**INSTRUCTIONS FOR THE TASK**
Nothing is needed except the lines below that run from the one with "Geraldine Gloria Kyazze" through the one with "Ekaterina Krysanova Performs", repeated exactly.

**TASK INPUTS**
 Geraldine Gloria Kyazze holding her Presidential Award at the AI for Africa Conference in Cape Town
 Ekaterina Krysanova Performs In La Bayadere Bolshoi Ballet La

==

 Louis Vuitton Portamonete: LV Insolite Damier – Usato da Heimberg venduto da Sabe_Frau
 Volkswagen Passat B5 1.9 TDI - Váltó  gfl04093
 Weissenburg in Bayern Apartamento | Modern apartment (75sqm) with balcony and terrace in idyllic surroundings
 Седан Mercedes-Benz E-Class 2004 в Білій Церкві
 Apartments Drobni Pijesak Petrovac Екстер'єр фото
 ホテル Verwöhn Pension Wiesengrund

==

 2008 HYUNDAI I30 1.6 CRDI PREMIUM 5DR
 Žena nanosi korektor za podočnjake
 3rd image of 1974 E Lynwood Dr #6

**SOLUTION TO THE PROBLEM**
 Geraldine Gloria Kyazze holding her Presidential Award at the AI for Africa Conference in Cape Town
 Ekaterina Krysanova Performs In La Bayadere Bolshoi Ballet La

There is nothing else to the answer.